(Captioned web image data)
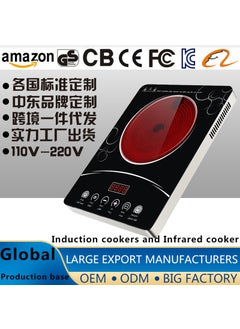 Intelligent electric ceramic stove 3500W factory foreign trade cross-border Middle East home appliance factory 110Vcooker electric ceramic stove British and Australian regulations without handle 2200W Middle East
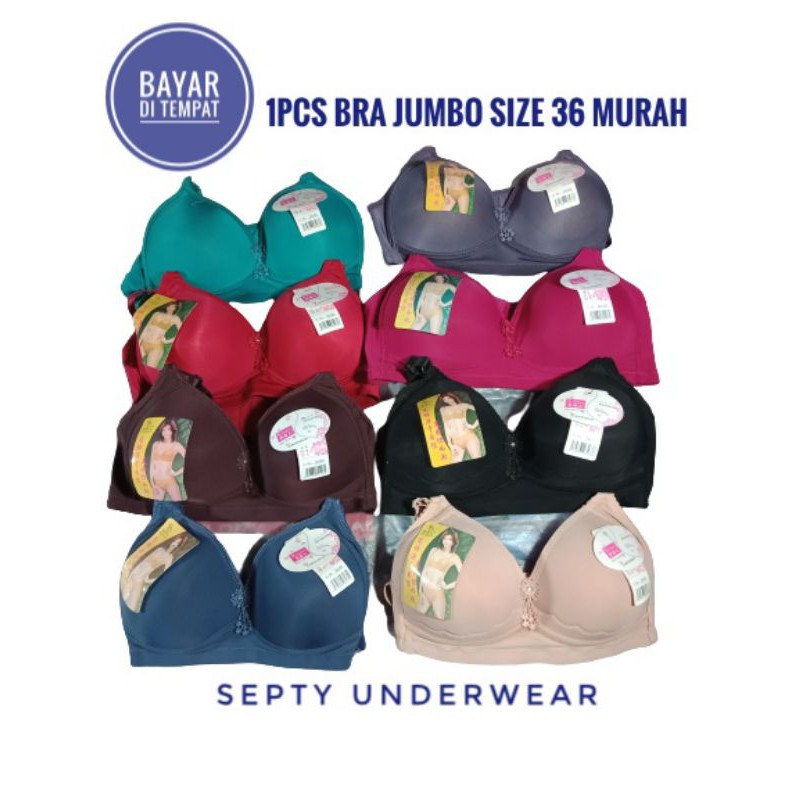 1pcs bra bh jumbo size 36/Daleman wanita bh dan cd/push up bra/bra sexy hot dan montok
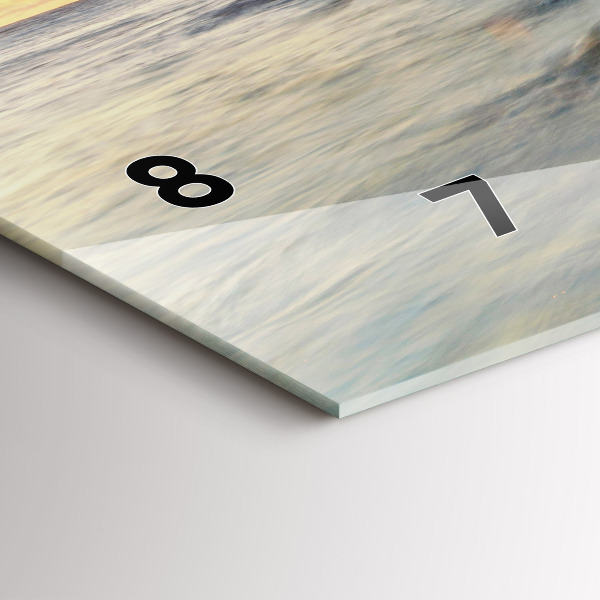 Orologio rettangolare Il Faro e il Mar Baltico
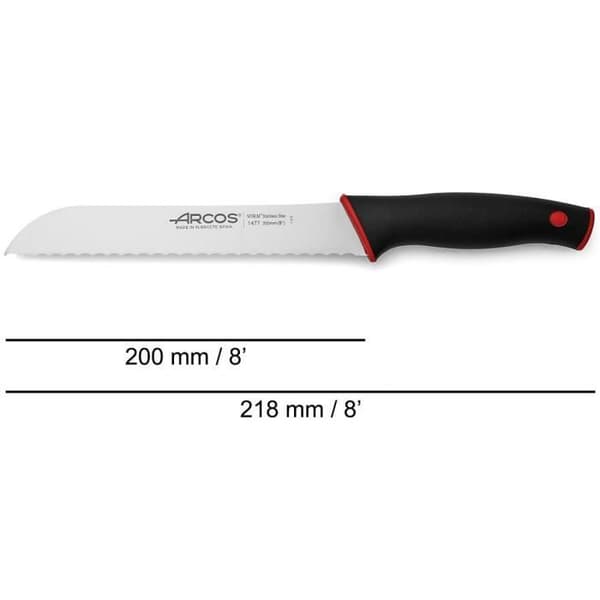 Brødkniv - ARCOS - Dúo - Klinge 20 cm - Rustfrit Nitrum® Stål - Ergonomisk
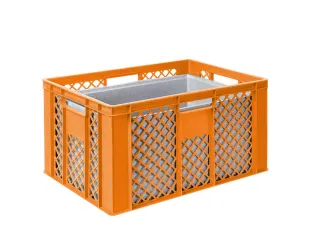 Euronorm-stapelbak,m. isoleerbox,HxLxB 320x600x400mm,63/35l,HDPE - 4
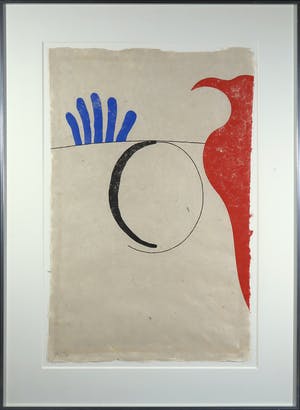 Tiddo Nieboer - Houtsnede op Japans papier, Zonder titel - Ingelijst (Groot) kopen? Bied vanaf 1!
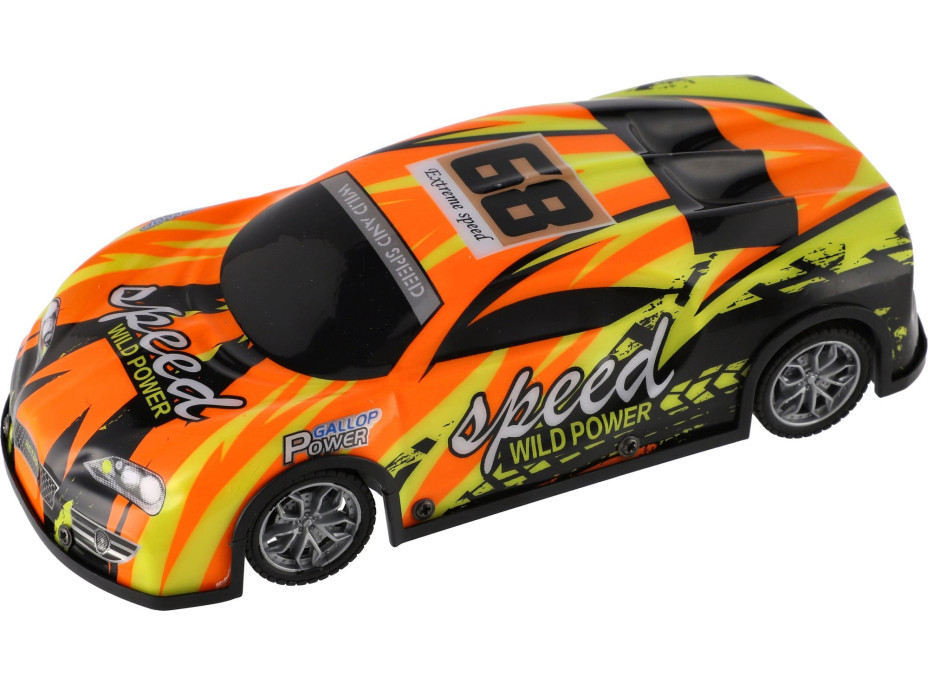 TEDDIES Pretekárske auto RC so svetlom 1ks (mix)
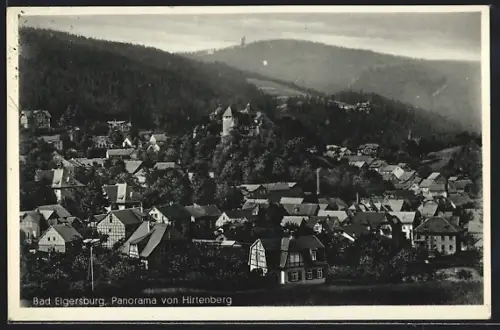 AK Bad Elgersburg, Panorama von Hirtenberg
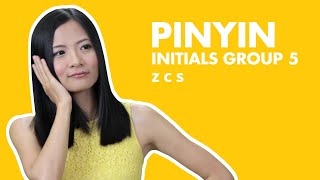 Learn Chinese Pinyin Practice Chinese Pinyin Lesson 06  Pinyin Initials Z C S [upl. by Ellinehc]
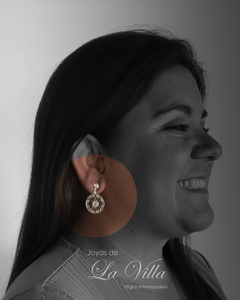 aretes en filigrana momposina, plata ley 950, Mompos, Mompox, aretas, joyas de la villa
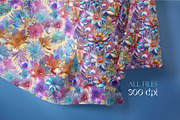 Cosmic Flowers, a Pattern Graphic by Tiger and Flower (Thumbnail 15 of 18)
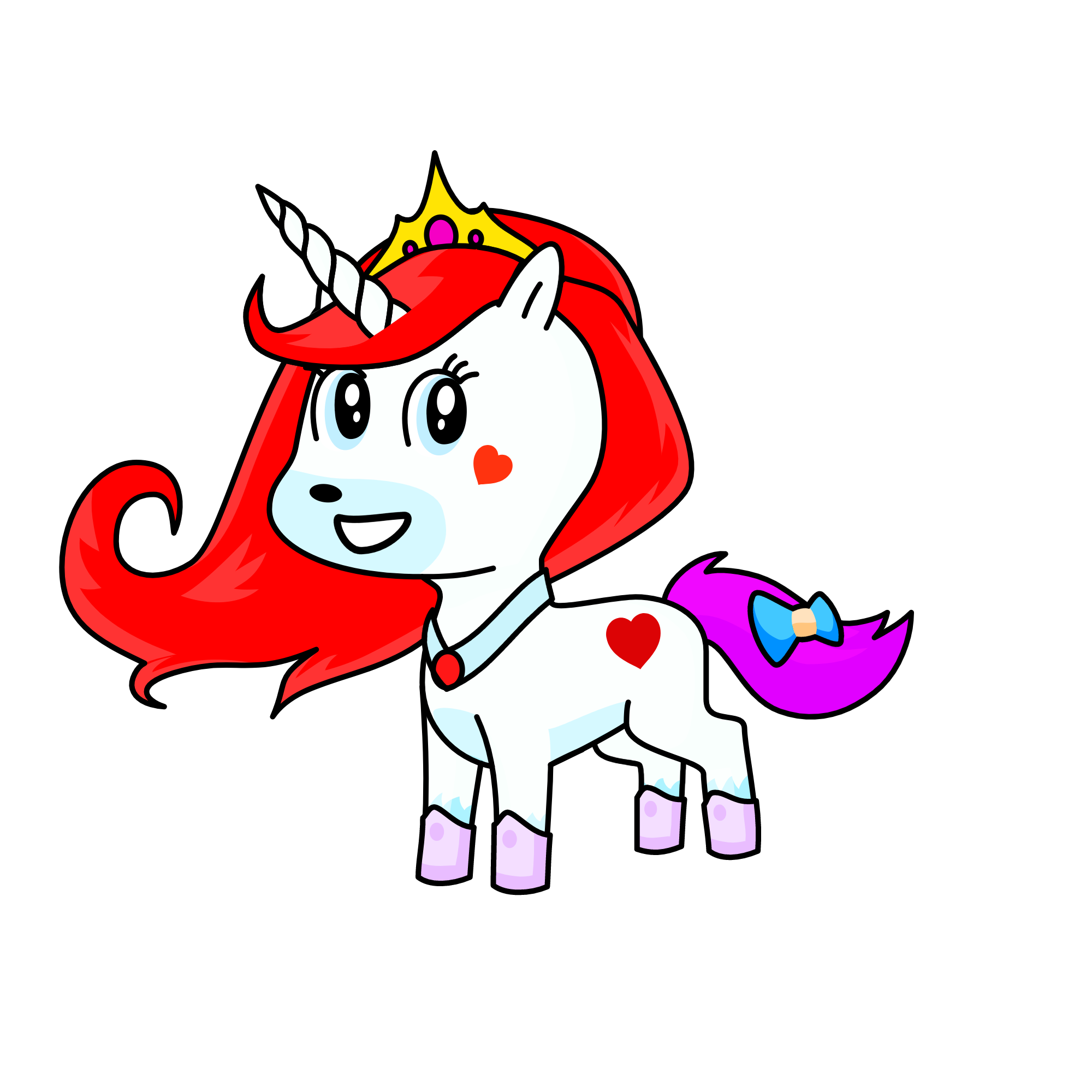 princess, the unicorn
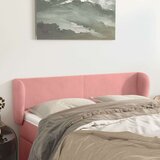 vidaXL uzglavlje s ušima ružičasti 147x23x78/88 cm baršunasti | shoptok.hr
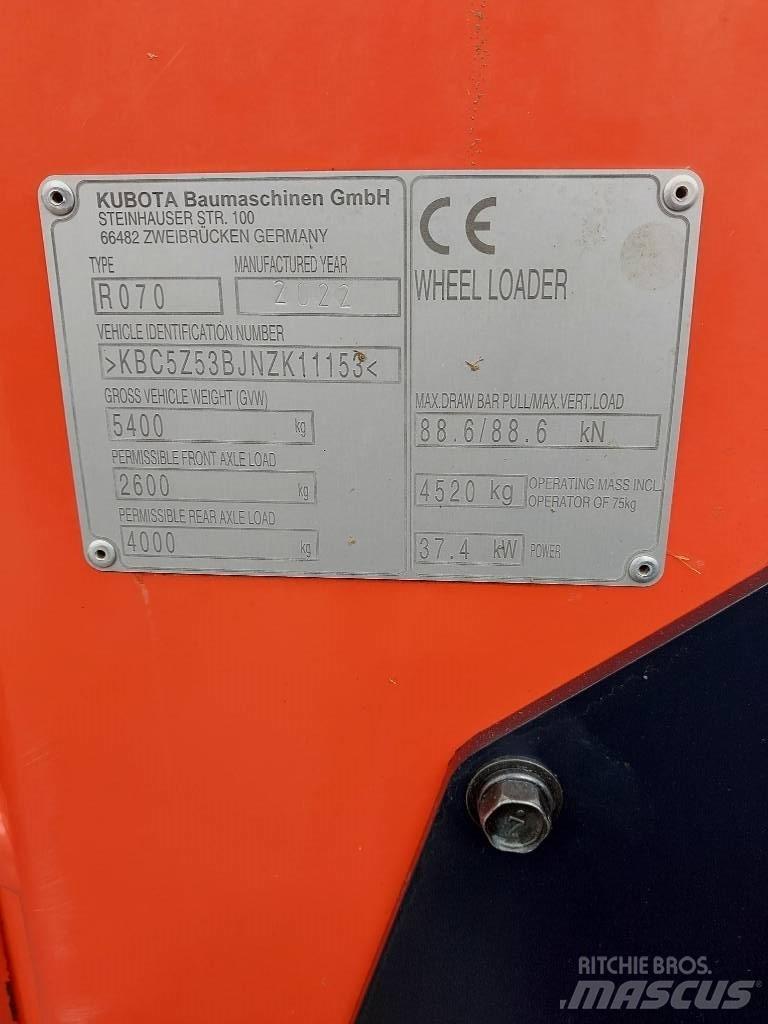 Kubota R 070  휠로우더
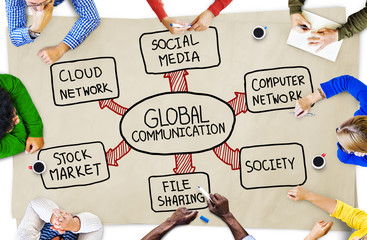 Business People and Global Communications Concept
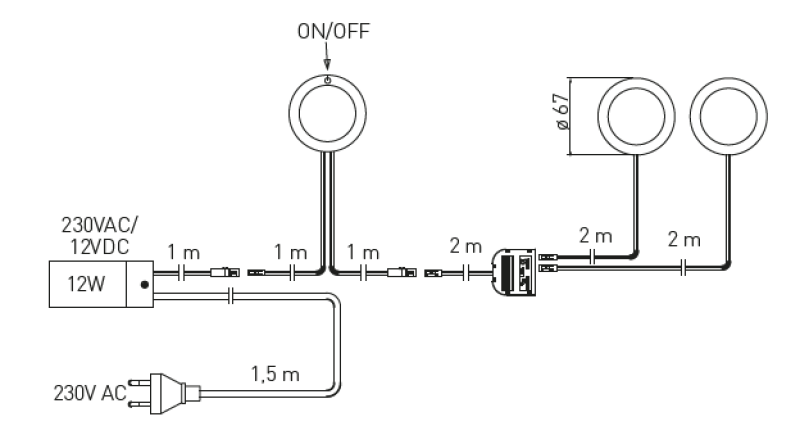 Decor cucina Set de iluminat pentru bucătărie cu 3 spoturi cu întrerupător iluminare alb cald 1208963267
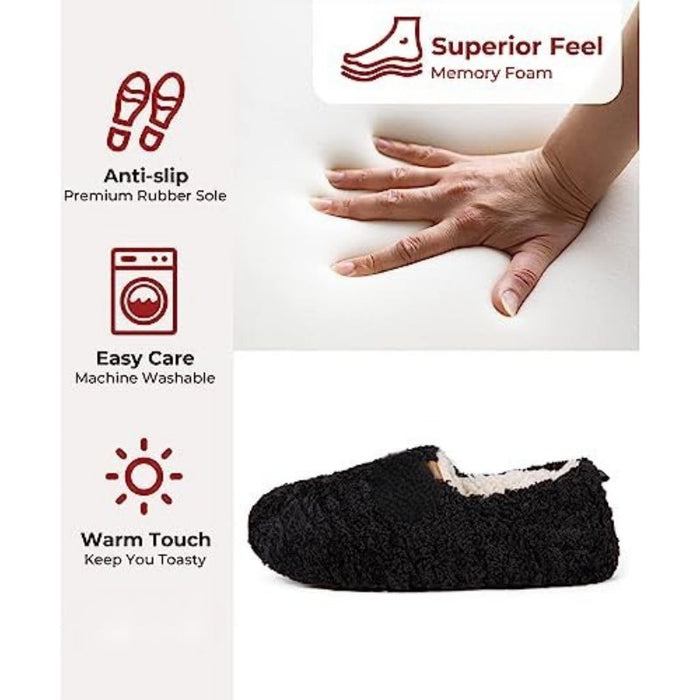 Plush Indoor Comfort Slippers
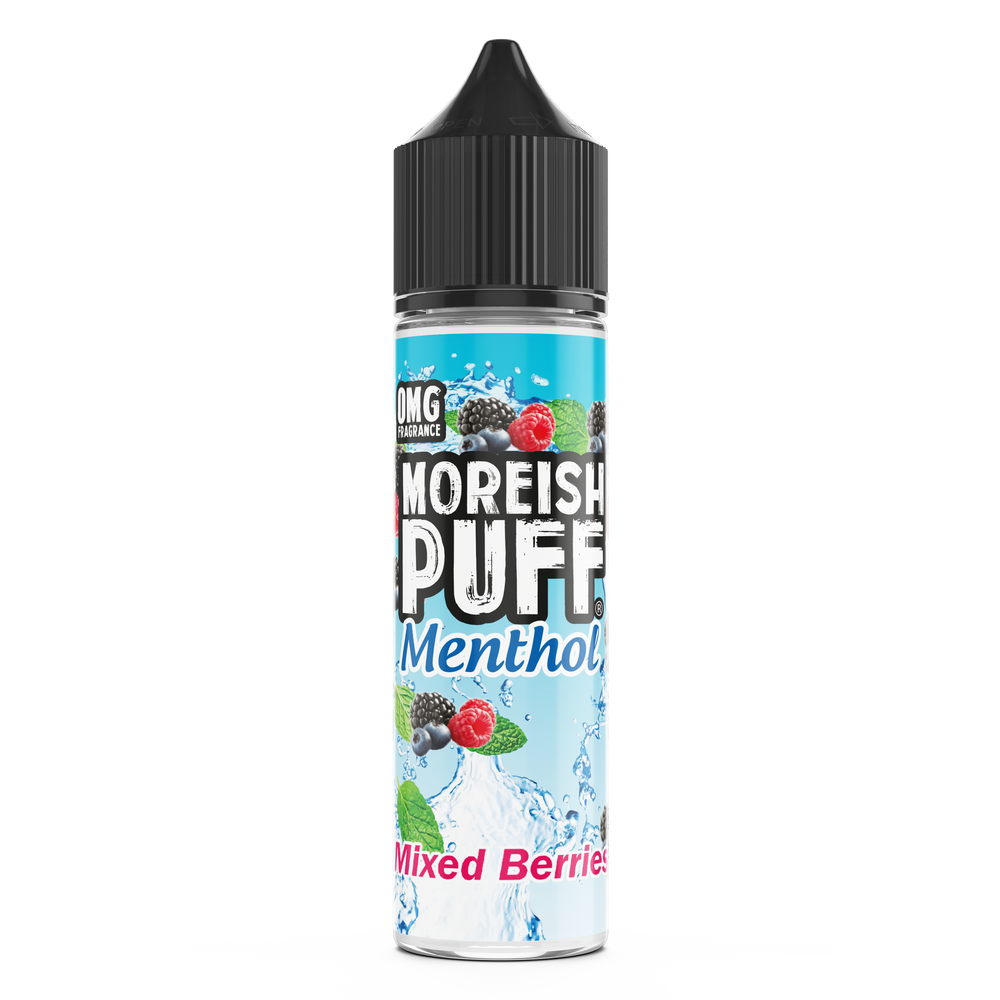 Moreish Puff Menthol Mixed Berries 50ml Shortfill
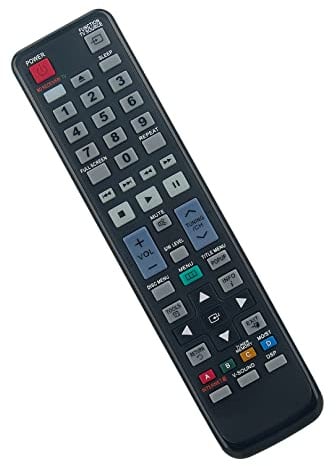 VINABTY AH59-02302A Ersatzfernbedienung Kompatibel mit Samsung Home Cinema System AH5902302A Fernbedienung HT-C5800 HT-C5900 HT-C6200 HT-C6500 HT-C6730 HT-C6800 HT-C6930 HT-C7200 HT-C7300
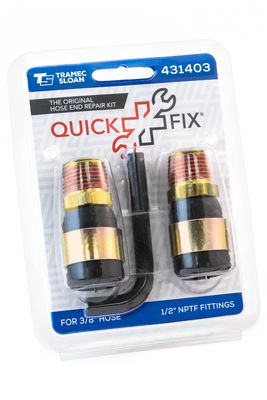 Quick-Fix Hose Repair Kit, 1/2", Bulk, Loose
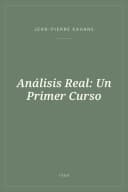 Portada de Análisis Real: Un Primer Curso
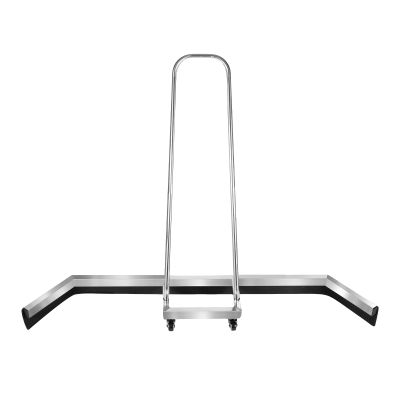 EurHomePlus Sport Tennis Court Water Remover Squeegee Sweeper on Wheels, Stainless Steel Water Brooms, Basketball Court Floor Surface Water Pusher Parking Lot Sweeper Tennis Court Squeegee Roller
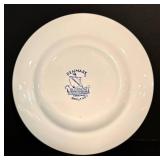 LL - Vintage Denmark Blue and White Dinnerware Set Plates, Bowls, Saucers, Mugs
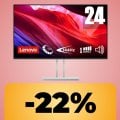 Il monitor Lenovo da 24' con refresh rate da 144hz e tempo di risposta di 1ms è in promo su Amazon al suo minimo storico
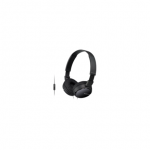 Sony MDR-ZX110AP Black On-ear Headset with Microphone 1.2m Cord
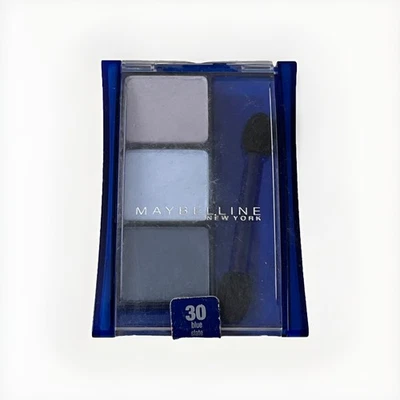 Maybelline Expert Wear Eyeshadow Trio #30-Blue Slate. Unsealed. READ - Image 1 of 3
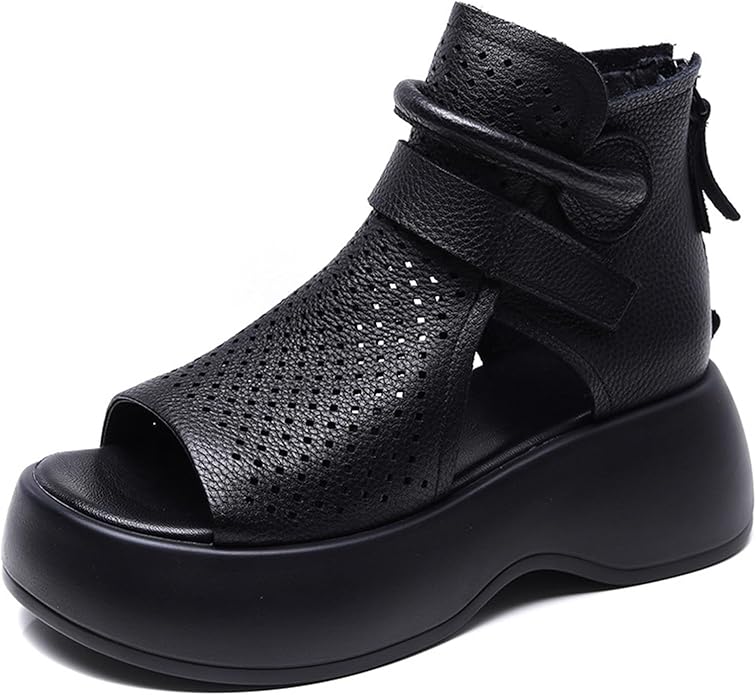 Roman High-Top Platform Sandals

Goal of the exercise: Could you reproduce the data above exactly, without its pictures?

Reply to the exercise:
 Intelligent electric ceramic stove 3500W factory foreign trade cross-border Middle East home appliance factory 110Vcooker electric ceramic stove British and Australian regulations without handle 2200W Middle East
 1pcs bra bh jumbo size 36/Daleman wanita bh dan cd/push up bra/bra sexy hot dan montok
 Orologio rettangolare Il Faro e il Mar Baltico
 Brødkniv - ARCOS - Dúo - Klinge 20 cm - Rustfrit Nitrum® Stål - Ergonomisk
 Euronorm-stapelbak,m. isoleerbox,HxLxB 320x600x400mm,63/35l,HDPE - 4
 Tiddo Nieboer - Houtsnede op Japans papier, Zonder titel - Ingelijst (Groot) kopen? Bied vanaf 1!
 TEDDIES Pretekárske auto RC so svetlom 1ks (mix)
 AK Bad Elgersburg, Panorama von Hirtenberg
 Learn Chinese Pinyin Practice Chinese Pinyin Lesson 06  Pinyin Initials Z C S [upl. by Ellinehc]
 aretes en filigrana momposina, plata ley 950, Mompos, Mompox, aretas, joyas de la villa
 Cosmic Flowers, a Pattern Graphic by Tiger and Flower (Thumbnail 15 of 18)
 princess, the unicorn
 vidaXL uzglavlje s ušima ružičasti 147x23x78/88 cm baršunasti | shoptok.hr
 Kubota R 070  휠로우더
 Business People and Global Communications Concept
 Decor cucina Set de iluminat pentru bucătărie cu 3 spoturi cu întrerupător iluminare alb cald 1208963267
 Plush Indoor Comfort Slippers
 Moreish Puff Menthol Mixed Berries 50ml Shortfill
 VINABTY AH59-02302A Ersatzfernbedienung Kompatibel mit Samsung Home Cinema System AH5902302A Fernbedienung HT-C5800 HT-C5900 HT-C6200 HT-C6500 HT-C6730 HT-C6800 HT-C6930 HT-C7200 HT-C7300
 Quick-Fix Hose Repair Kit, 1/2", Bulk, Loose
 Portada de Análisis Real: Un Primer Curso
 EurHomePlus Sport Tennis Court Water Remover Squeegee Sweeper on Wheels, Stainless Steel Water Brooms, Basketball Court Floor Surface Water Pusher Parking Lot Sweeper Tennis Court Squeegee Roller
 LL - Vintage Denmark Blue and White Dinnerware Set Plates, Bowls, Saucers, Mugs
 Il monitor Lenovo da 24' con refresh rate da 144hz e tempo di risposta di 1ms è in promo su Amazon al suo minimo storico
 Sony MDR-ZX110AP Black On-ear Headset with Microphone 1.2m Cord
 Maybelline Expert Wear Eyeshadow Trio #30-Blue Slate. Unsealed. READ - Image 1 of 3
 Roman High-Top Platform Sandals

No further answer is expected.